Theoretical energy density of liquid nitrogen at atmospheric pressure and 27 °C ambient temperature is about 213 W·h/kg, while typically only 97 W·h/kg can be achieved under realistic circumstances. This compares with 100–250 W·h/kg for a lithium-ion battery and 3,000 W·h/kg for a gasoline combustion engine running at 28% thermal efficiency (Liquid nitrogen engine). Most notable advantage of liquid air is its Carnot efficiency. At 27 °C ambient temperature it is 74.3 %; at -16 °C ambient temperature it is 70 %. At such low temperatures, batteries have no chance and even diesel engines struggle to operate due to freezing of diesel.

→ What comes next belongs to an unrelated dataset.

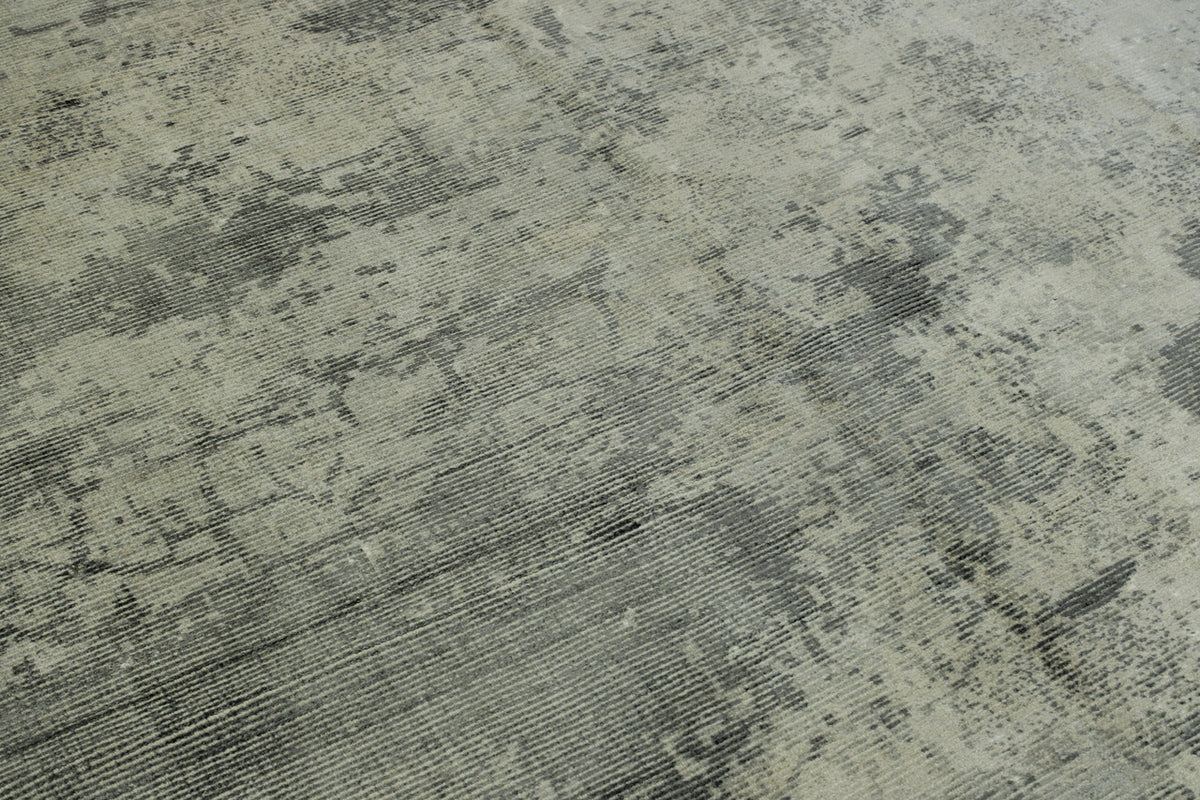 Transitional Abstract Design rug border detail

I made my calculations for a full-sized container carrying truck. The weight of the truck with full fuel tank was 7300 kg (600kg fuel), the trailer was 6000 kg, the payload was 16,000 kg. I set the energy density of liquid air to be 1 / 20 of a diesel engine. In order to achieve half the range of a diesel truck it would require 6000 kg of liquid air. However, autonomous trucks have advantages in terms of weight because they can simply be a motorized trailer. Additionally, the cryogenic tanks can be designed to be used as the chassis. As a result, the liquid air powered autonomous container carrier can accommodate such a huge fuel tank with the same weight as a traditional truck with a trailer for half the range. One more advantage of such a huge fuel tank is, as it is depleted the truck gets much lighter compared to a diesel truck and its fuel consumption gets lower.

The prerequisites for this idea are light weight composite fuel tanks, light weight and high thermal conductive heat exchangers to create pressure that would turn the wheels. Aluminum alloy heat exchangers with carbon fiber can be a solution for that.